Diverso è invece il caso in cui il sito non ospita la prestazione sessuale svolta a distanza, ma semplicemente l’inserzione della prostituta, che attraverso il web si pubblicizza al fine di svolgere la sua attività in un momento successivo ed attraverso modalità tradizionali.

Come accennato, fino a poco tempo fa il gestore del sito, e coloro che avevano contribuito al suo allestimento (webmaster, fotografi, ecc.) venivano chiamati a rispondere di sfruttamento o favoreggiamento della prostituzione, benché tale condotta fosse diversa da quella realizzata in favore della prostituzione virtuale in senso proprio e sebbene analogo trattamento non fosse riservato ai quotidiani cartacei che ospitano le inserzioni delle prostitute.

L’irragionevolezza di tale disparità di trattamento è stata negli anni da più parti evidenziata ed oggi, finalmente, pare aver imposto alla giurisprudenza una riflessione che dovrebbe portare a decisioni più coerenti e rispondenti a criteri di equità.

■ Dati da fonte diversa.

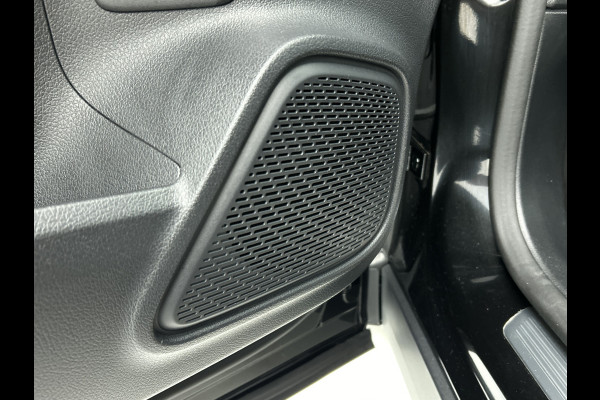 Mercedes-Benz GLA 250 e Face Lift Plug-In Hybride Lichtmetalen velgen | Wide screen | Navigatie | Parking support met 360 graad camera | Inclusief 24 maanden Mercedes-Benz Certified garantie voor Europa.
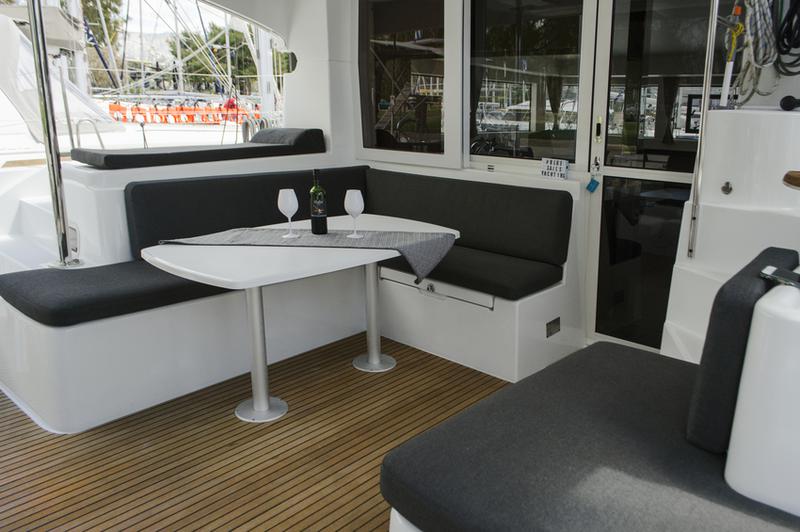 Book yachts online - catamaran - Lagoon 40 - Venus  - rent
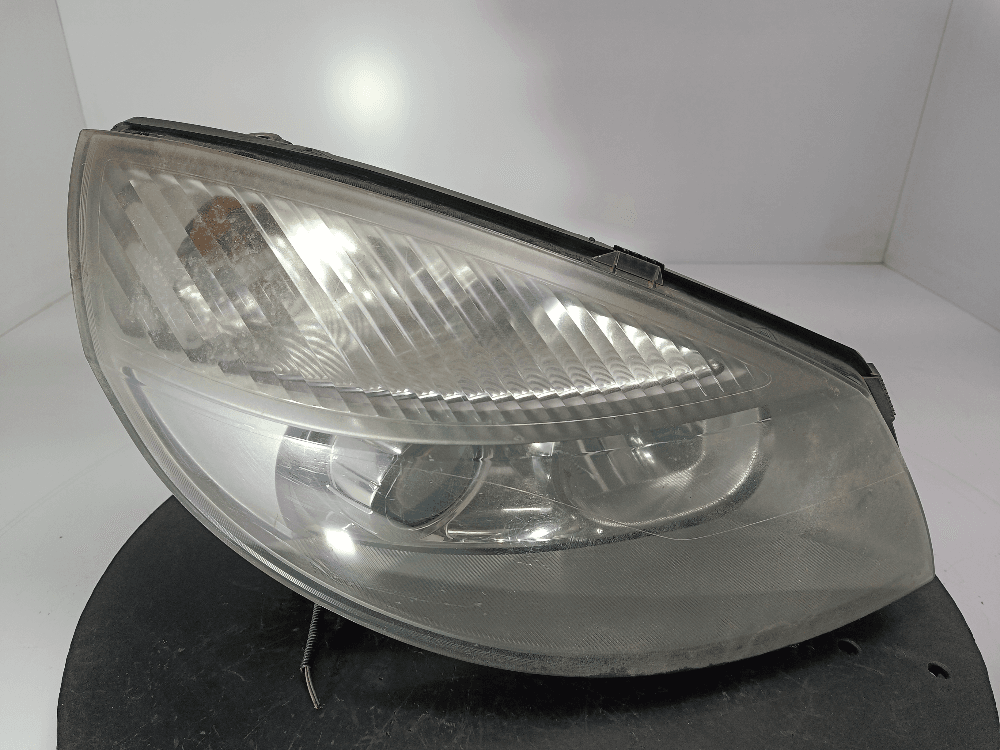 Фара правая к Renault Scenic 2 (03-06)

Si è, infatti, di recente affermato che la pubblicazione di inserzioni pubblicitarie sui siti web, al pari di quella sui tradizionali organi di informazione a mezzo stampa, deve essere considerata come un normale servizio in favore della persona, e quindi della prostituta, piuttosto che della prostituzione (Cass. Sez.III, 26343/2009). Tale giudizio è stato confermato successivamente (Cass. Sez.III n.443/2012),  precisandosi come il reato  di favoreggiamento risulti invece integrato quando alla mera pubblicazione degli annunci e del materiale messo a disposizione dalla persona interessata si aggiunga una cooperazione tra soggetto e prostituta, concreta e dettagliata, al fine di allestire la pubblicità della stessa evidentemente per rendere più allettante l’offerta e per facilitare l’approccio con il maggior numero di clienti, cooperazione esplicantesi nell’organizzare servizi fotografici nuovi, sottoponendo le donne a pose erotiche, ponendo in essere una collaborazione organizzativa al fine di realizzare il contatto prostituta-cliente. In altre parole allo stato attuale il discrimine fra lecito ed illecito si individua nel passaggio da una prestazione di servizi “ordinari” a quella che potremmo definire come la prestazione di un supporto aggiuntivo e personalizzato (Cass. Sez.III, n.20384/2013).

Sebbene la strada intrapresa sia quella corretta, tuttavia, continua a registrarsi un orientamento “colpevolista” da parte dei giudici di merito che lascia intendere la necessità di un intervento del legislatore al fine di dirimere dubbi ed evitare il protrarsi di decisioni inique.